AIM OF THE EXERCISE
Your answer must be the exact lines below, starting with the line with "Building Photo - 1407 Elkhart Ave" and going on through the line with "Free Photo side", both included, with no pictures.

DATASET RECORDS
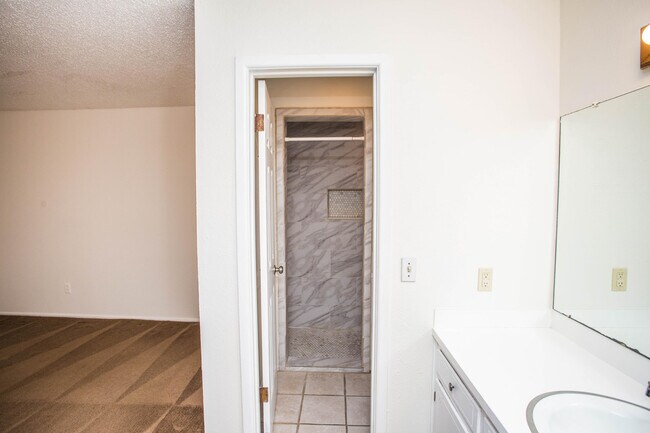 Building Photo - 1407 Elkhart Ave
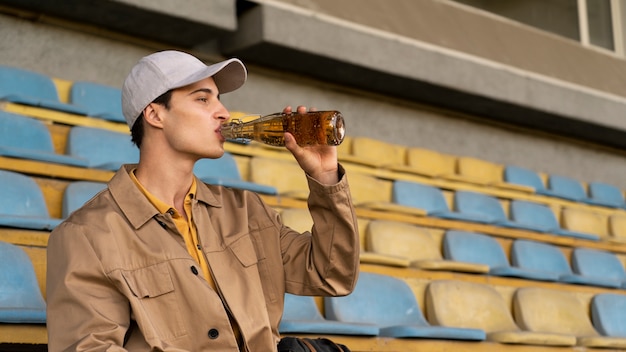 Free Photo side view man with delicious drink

==

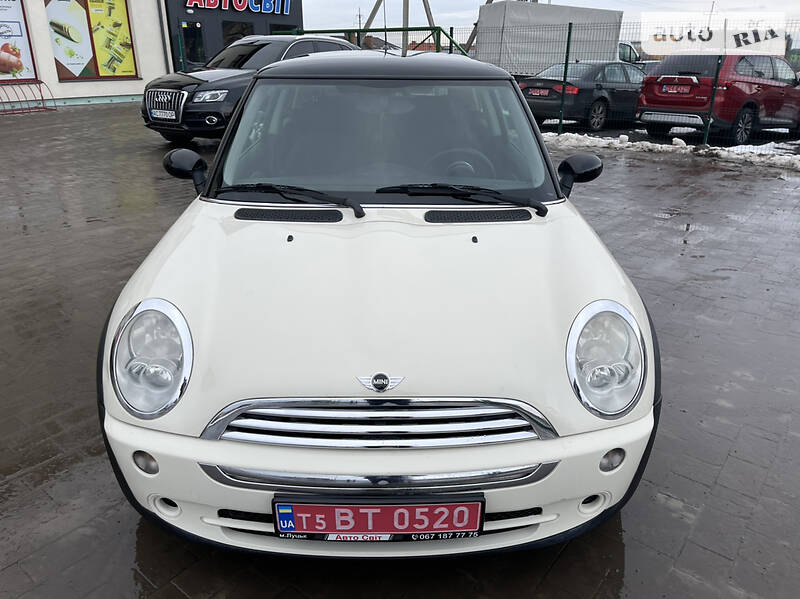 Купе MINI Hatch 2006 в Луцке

OUTPUT
 Building Photo - 1407 Elkhart Ave
 Free Photo side view man with delicious drink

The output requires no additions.